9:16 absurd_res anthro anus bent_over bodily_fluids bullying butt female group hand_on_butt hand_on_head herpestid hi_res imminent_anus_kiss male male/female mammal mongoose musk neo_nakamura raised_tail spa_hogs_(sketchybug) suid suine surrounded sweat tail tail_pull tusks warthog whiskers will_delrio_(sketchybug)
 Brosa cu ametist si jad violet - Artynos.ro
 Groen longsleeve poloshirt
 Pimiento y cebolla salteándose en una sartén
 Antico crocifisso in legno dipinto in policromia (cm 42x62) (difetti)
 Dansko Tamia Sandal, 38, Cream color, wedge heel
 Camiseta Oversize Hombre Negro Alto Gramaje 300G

Work required:
The expected output is the lines from the one with "Brosa cu ametist si jad violet - Artynos.ro" through the end of the data, exactly as written and nothing more.

Task solution:
 Brosa cu ametist si jad violet - Artynos.ro
 Groen longsleeve poloshirt
 Pimiento y cebolla salteándose en una sartén
 Antico crocifisso in legno dipinto in policromia (cm 42x62) (difetti)
 Dansko Tamia Sandal, 38, Cream color, wedge heel
 Camiseta Oversize Hombre Negro Alto Gramaje 300G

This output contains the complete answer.